His Death
Dionysus, however, is both life and death, for his spirit reveals itself from out of the immeasurable depths where life and death are intertwined. That is why the myth also has him die.
Just as the women in Dionysiac madness tear their little boys into pieces, just as the maenads, following his example, tear apart young animals and devour them, so, he himself, as a child, is overcome by the Titans, torn apart, and consumed. It is a fearful struggle, in spite of the superiority of the enemies, for the kingly child assumes the shapes of the most dangerous of the animals, becoming in the end a raging bull. As bull he finally collapses. He is rent apart and devoured in the first flowering of his youth because he is himself the render and devourer of young life.
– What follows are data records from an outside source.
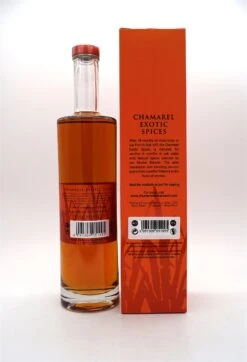 Exotic Spices Spiced Rum -Angebote Baileys Store charamel spiced rum h
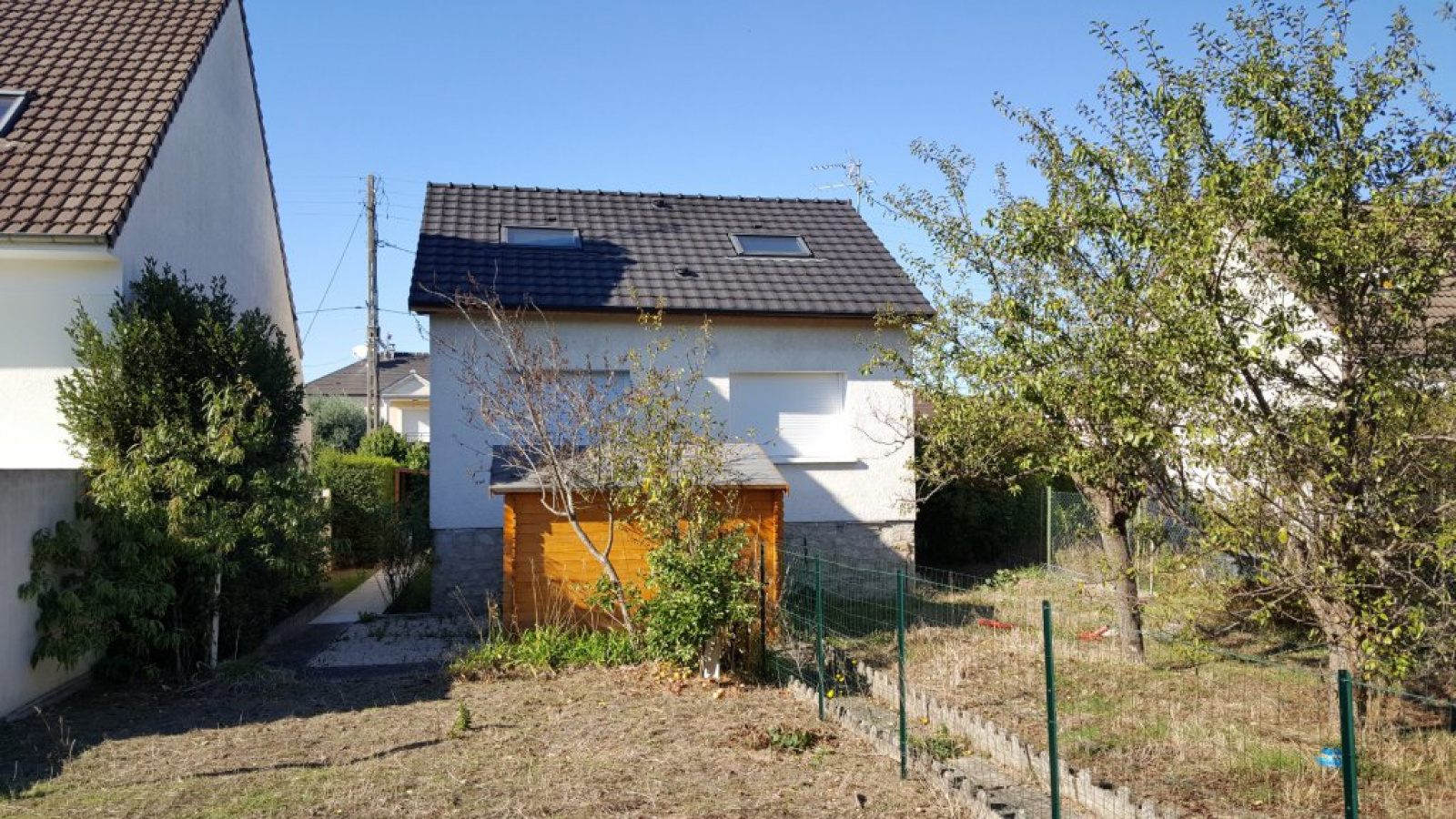 Image_11, Maison, Gournay-sur-Marne, ref :1147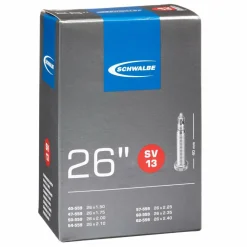 Schwalbe Fahrradreparatur Und Fahrradpflege*SCHLAUCH NR. 13 - Fahrradschlauch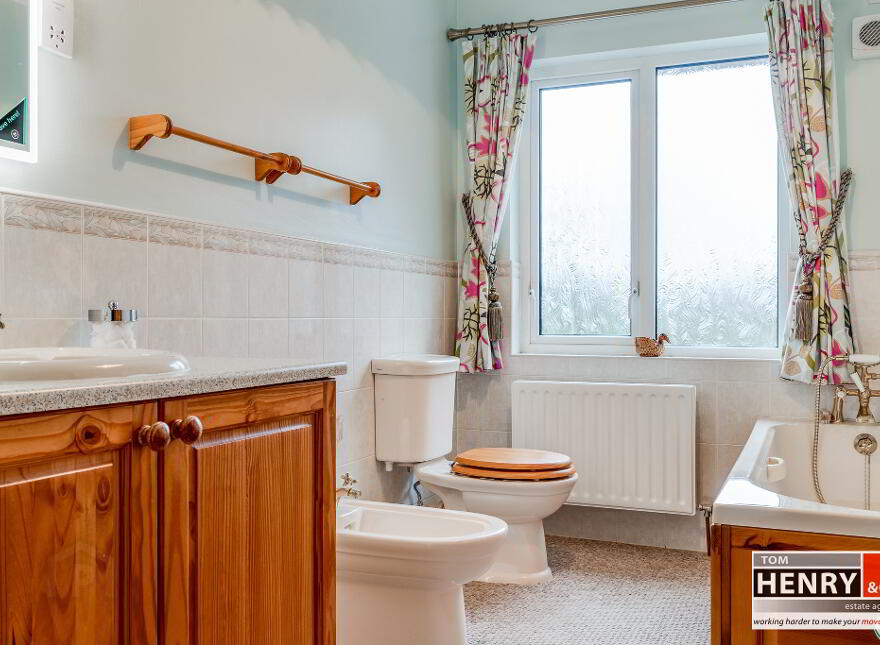 9 Upper Parklands, Old Eglish Road, Dungannon, BT71 7JW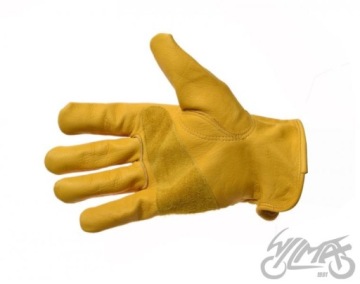 ПЕРЧАТКИ В СТИЛЕ БОБ ВИНТАЖ L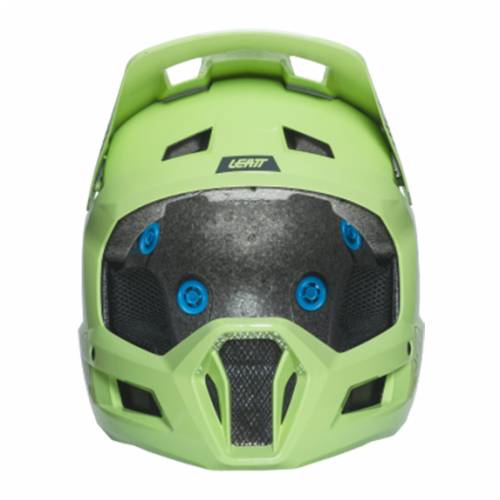 KACIGA LEATT GRAVITY 1.0 JUNIOR MOJITO, 53-54 Cijena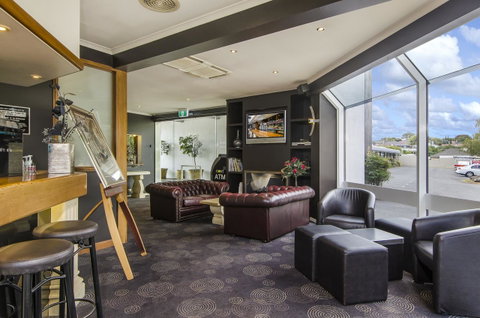 The Commodore - Accommodation Georgetown 3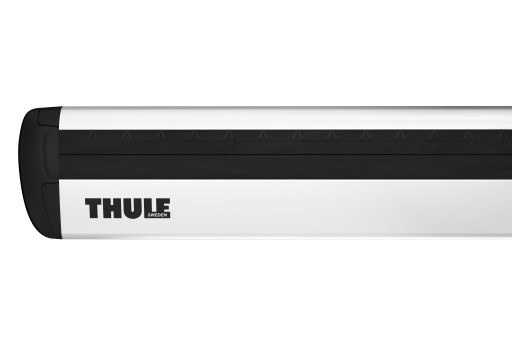 Bagażnik belki THULE WINGBAR Toyota RAV4 IV 4 13-
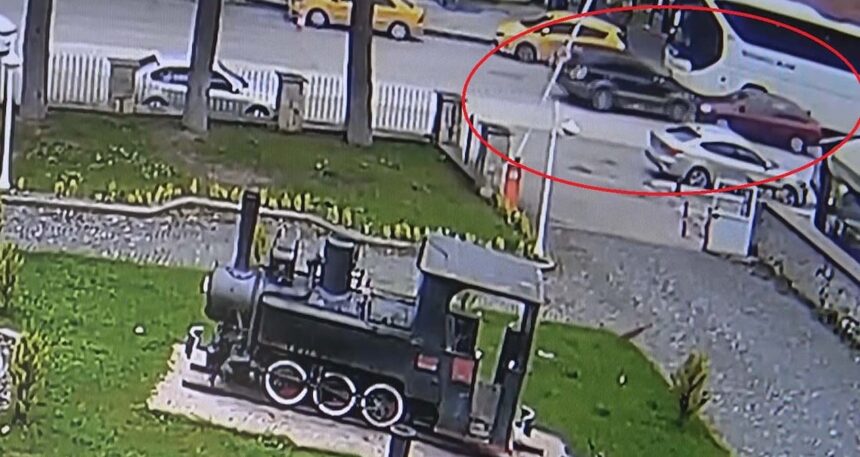 Direksiyon başında kalp krizi geçirip kaza yapan sürücü öldü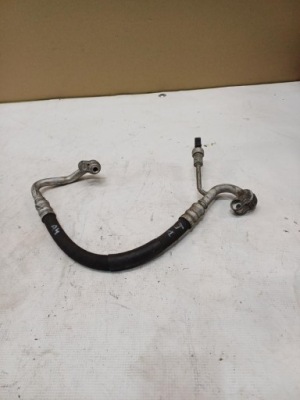 Шланг кондиціонера audi a4 b8 1k0820721 фото №1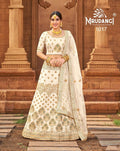 MRUDANGI ZOYA 1017 SERIES DESIGNER LEHENGA Anant Tex Exports Private Limited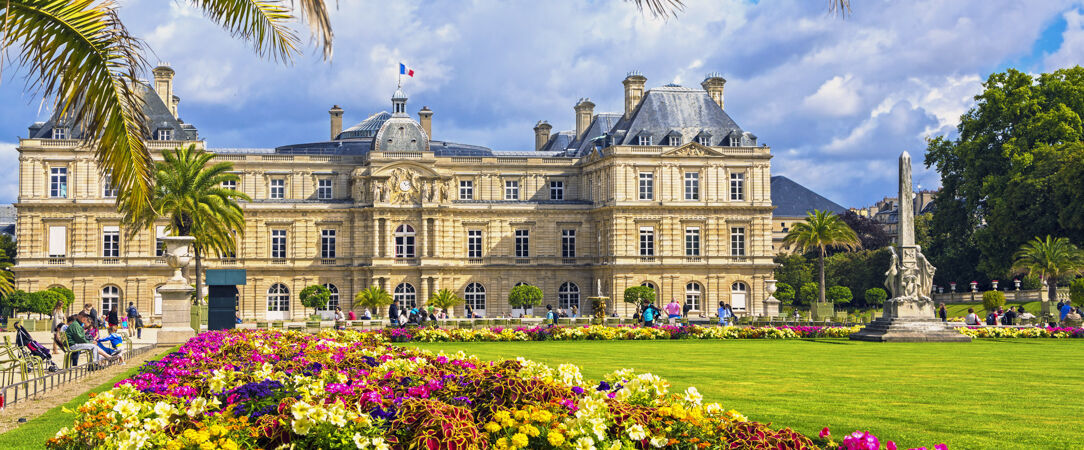 Hôtel Trianon Rive Gauche ★★★★ - Escapade parisienne dans le fameux Quartier Latin. - Paris, France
Thus Dionysus presents himself to us in two forms: as the god who vanishes and reappears, and as the god who dies and is born again. The second conception has evolved into the well-known doctrine of numerous rebirths of the god. Basically, however, both conceptions (his vanishing, which is paired with his reappearance, and his death, which is followed by his rebirth) are rooted in the same idea. Both tell of the god with the two faces, the spirit of presence and absence, of the Now and the Then, who is most grippingly symbolized in the mask. With him appears the unfathomable mystery of life and death cemented together into a single entity, and the mystery of the act of creation affected with madness and overshadowed by death.